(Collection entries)
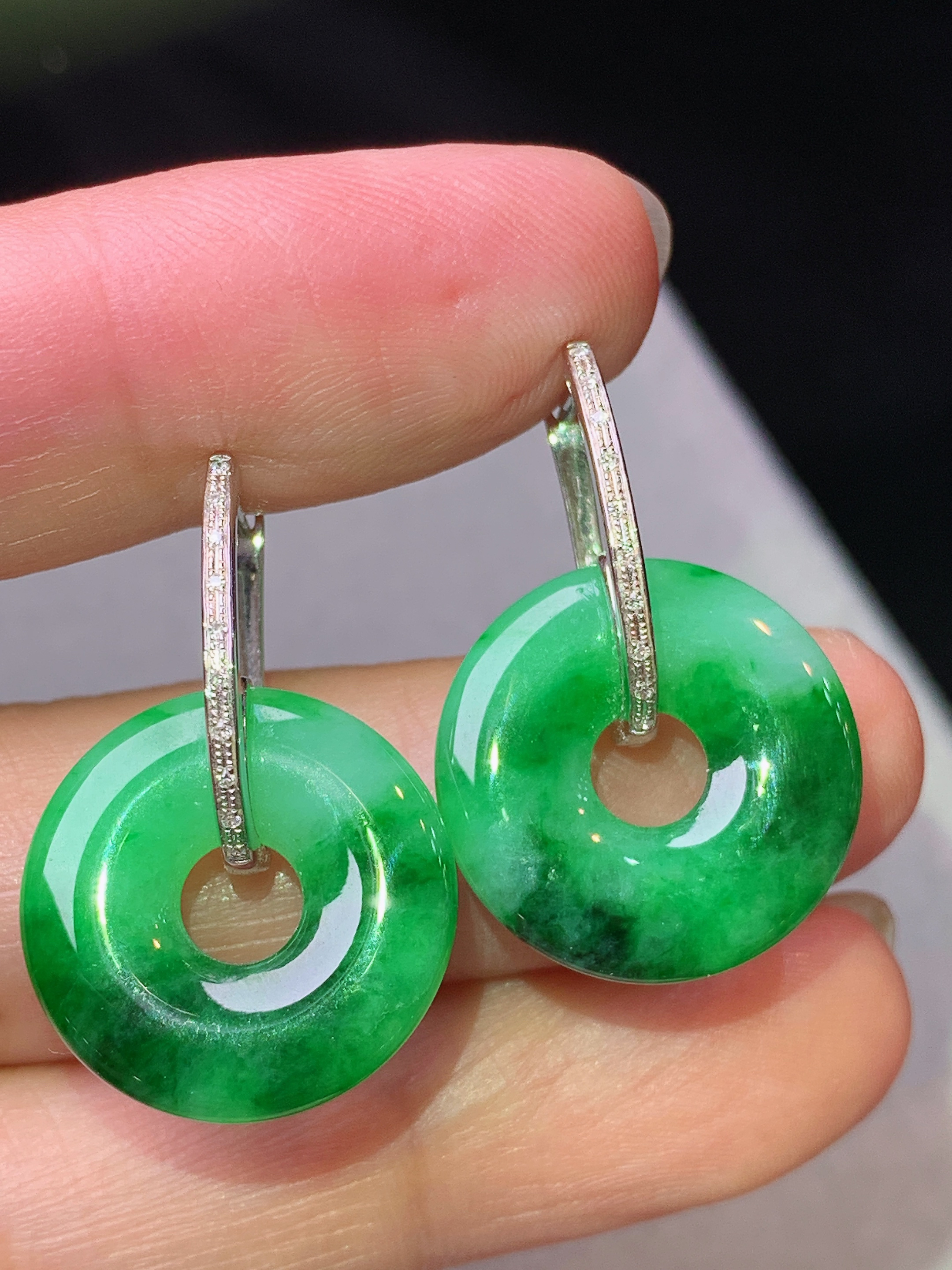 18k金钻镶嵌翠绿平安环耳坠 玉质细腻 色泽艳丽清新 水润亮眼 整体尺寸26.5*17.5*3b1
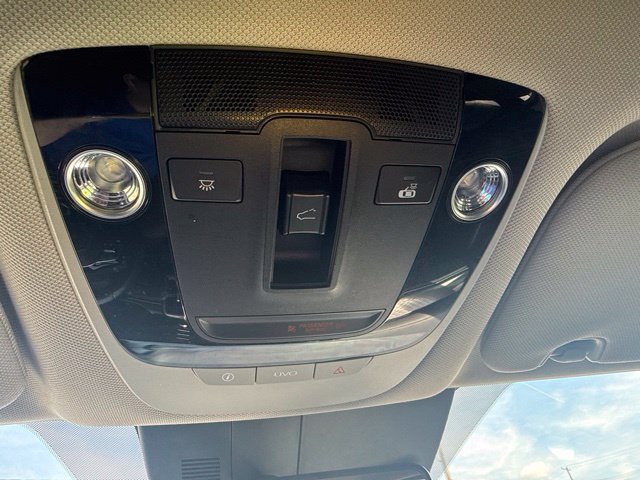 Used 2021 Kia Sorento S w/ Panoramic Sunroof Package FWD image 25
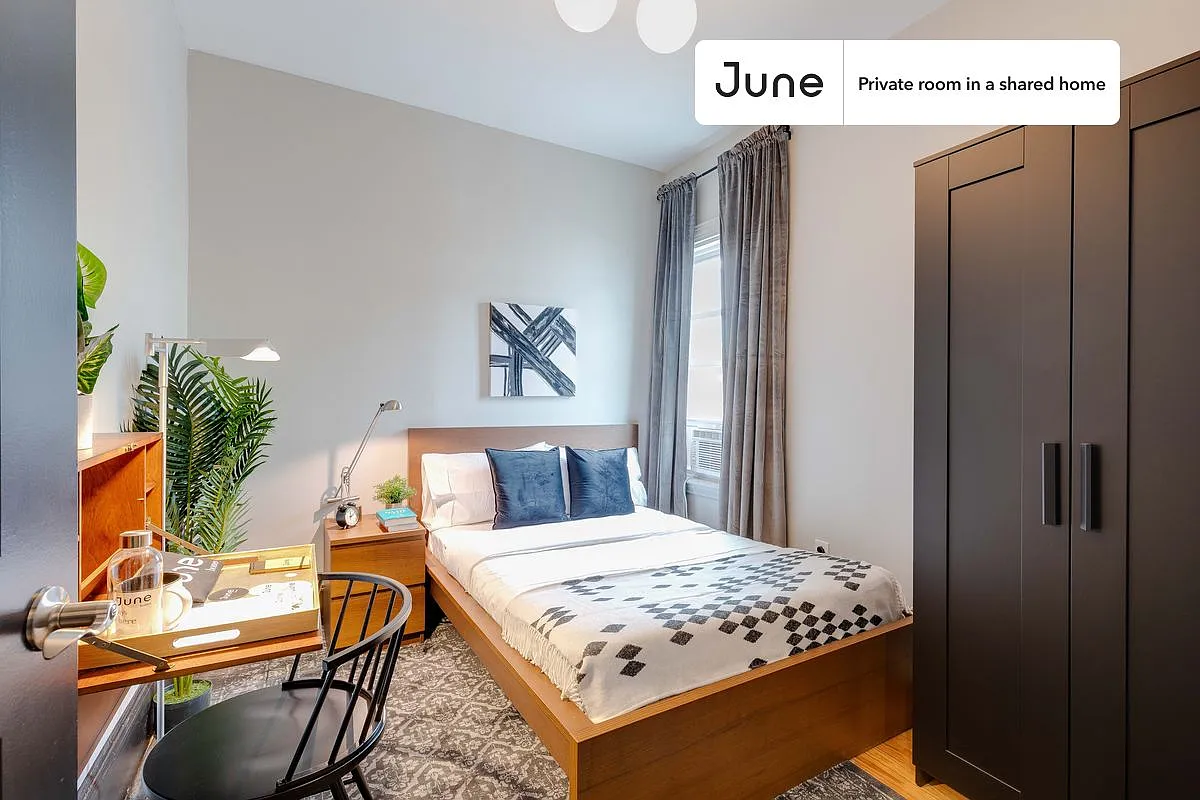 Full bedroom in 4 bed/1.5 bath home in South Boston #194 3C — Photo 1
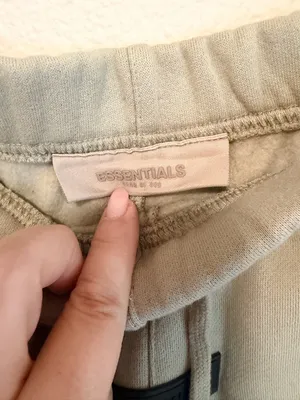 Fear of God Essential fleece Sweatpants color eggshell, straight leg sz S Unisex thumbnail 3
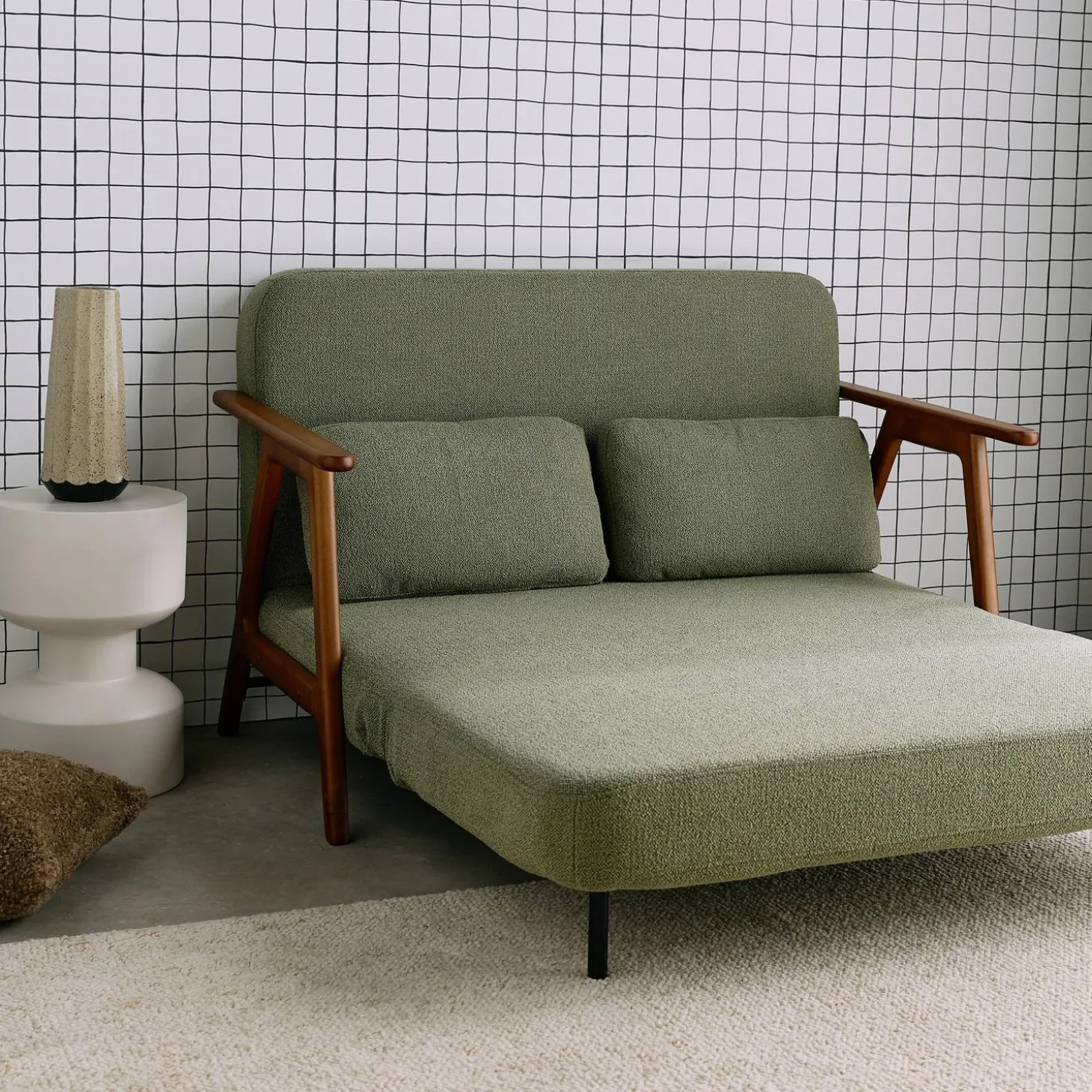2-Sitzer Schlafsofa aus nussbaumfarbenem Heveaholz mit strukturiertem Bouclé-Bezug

What this task involves
Your answer must be the exact lines from the start of the data through the line with "Fear of God", inclusive, and nothing else; pictures do not belong in it.

Response box
 18k金钻镶嵌翠绿平安环耳坠 玉质细腻 色泽艳丽清新 水润亮眼 整体尺寸26.5*17.5*3b1
 Used 2021 Kia Sorento S w/ Panoramic Sunroof Package FWD image 25
 Full bedroom in 4 bed/1.5 bath home in South Boston #194 3C — Photo 1
 Fear of God Essential fleece Sweatpants color eggshell, straight leg sz S Unisex thumbnail 3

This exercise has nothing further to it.